Exercise:
The answer is to be the lines of the material from its start through the line containing "Любите ли вы театр?", each copied exactly; no pictures.

Data supplied:
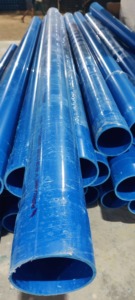 Tubería duradera de CPVC SDR 11 de alta presión para suministro de agua fría y caliente Fabricante OEM para fontanería industrial y residencial - Product Image 5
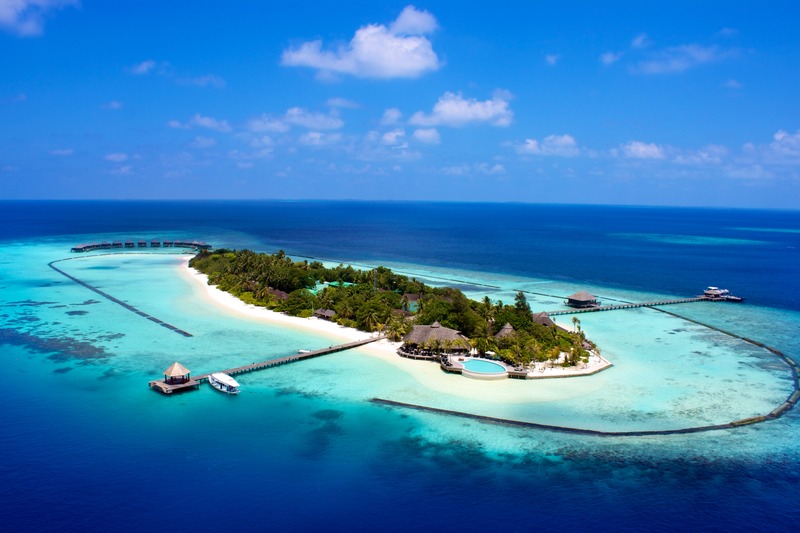 Komandoo Maldives Island Resort - Genel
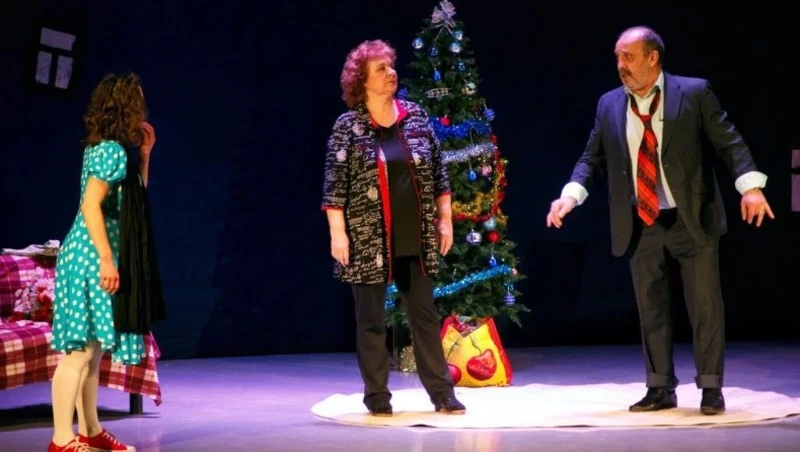 Любите ли вы театр?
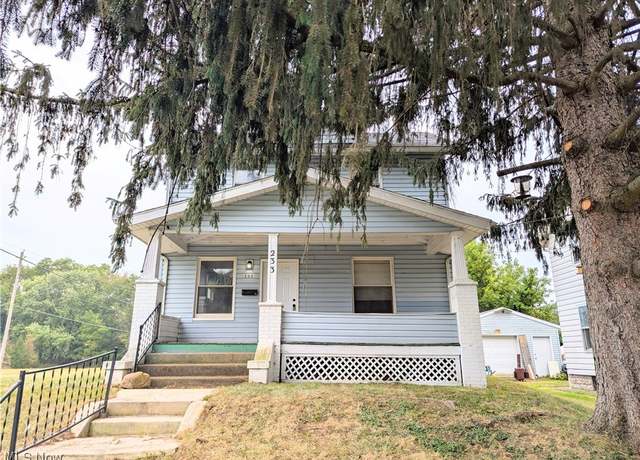 Property at 233 Edwin Ave SE, Massillon, OH 44646, 4 beds, 2 baths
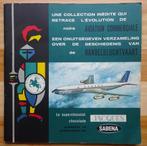 L'aviation commerciale - chromoboek - Sabena - Jacques, Utilisé, Enlèvement ou Envoi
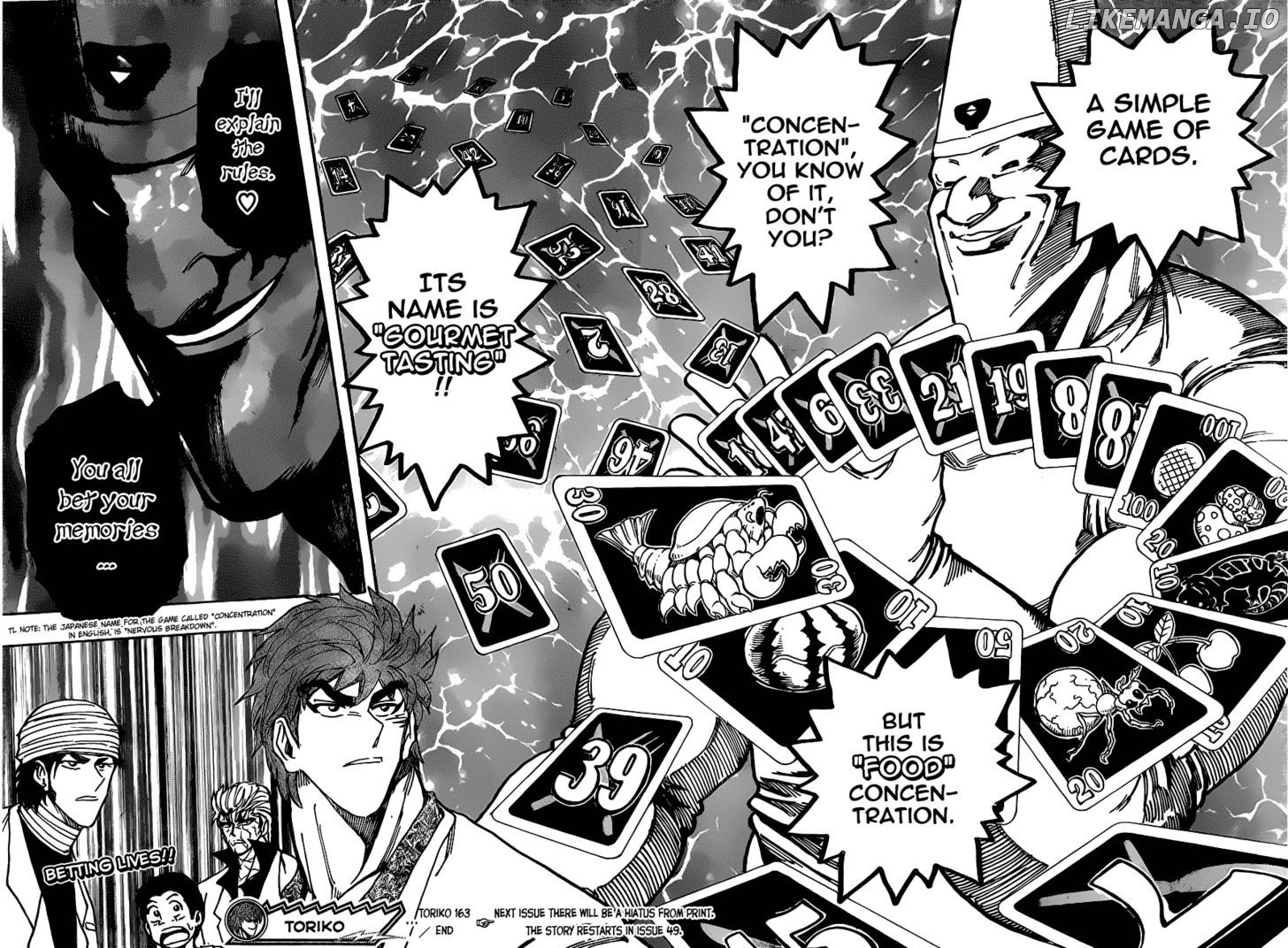 Toriko - Manga chapter 163 - page 18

Expected answer:
 Tubería duradera de CPVC SDR 11 de alta presión para suministro de agua fría y caliente Fabricante OEM para fontanería industrial y residencial - Product Image 5
 Komandoo Maldives Island Resort - Genel
 Любите ли вы театр?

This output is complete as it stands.